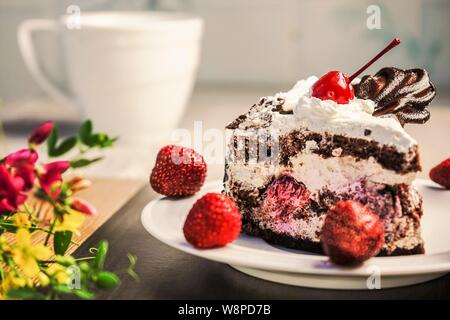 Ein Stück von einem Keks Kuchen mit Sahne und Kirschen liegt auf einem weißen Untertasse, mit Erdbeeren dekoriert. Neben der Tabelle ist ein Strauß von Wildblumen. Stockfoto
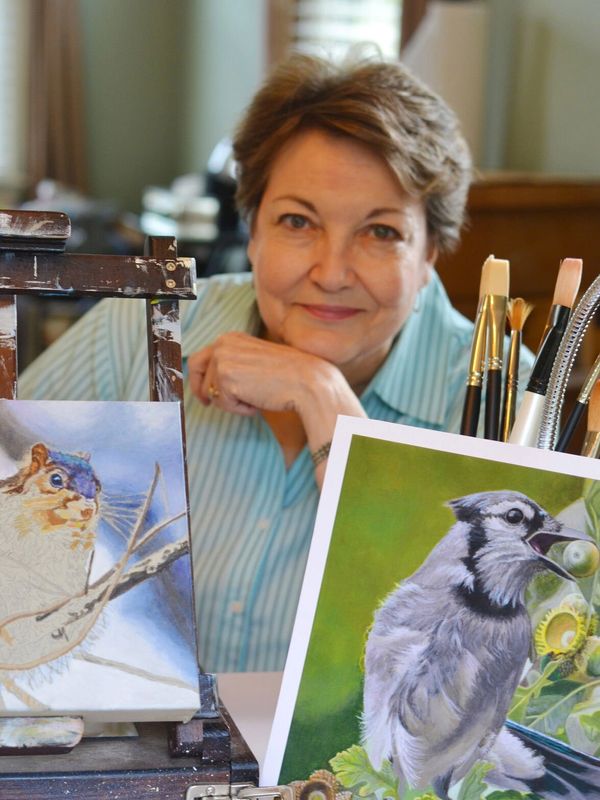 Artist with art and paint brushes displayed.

---

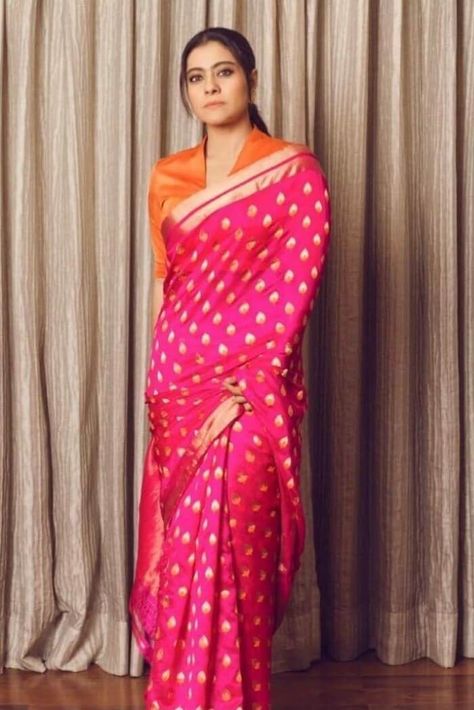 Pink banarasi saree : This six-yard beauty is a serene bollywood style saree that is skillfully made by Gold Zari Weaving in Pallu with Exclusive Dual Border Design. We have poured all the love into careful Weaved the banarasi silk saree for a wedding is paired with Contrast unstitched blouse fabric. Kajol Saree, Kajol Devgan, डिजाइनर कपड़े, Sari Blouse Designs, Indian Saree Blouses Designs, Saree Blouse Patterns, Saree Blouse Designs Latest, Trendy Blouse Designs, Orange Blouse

INSTRUCTIONS FOR THE TASK
Make an exact copy of the lines above, beginning with the line with "Ein Stück von" and ending with the line with "Artist with art and paint brushes displayed.", and keep the pictures out of it.

WRITTEN ANSWER
 Ein Stück von einem Keks Kuchen mit Sahne und Kirschen liegt auf einem weißen Untertasse, mit Erdbeeren dekoriert. Neben der Tabelle ist ein Strauß von Wildblumen. Stockfoto
 Artist with art and paint brushes displayed.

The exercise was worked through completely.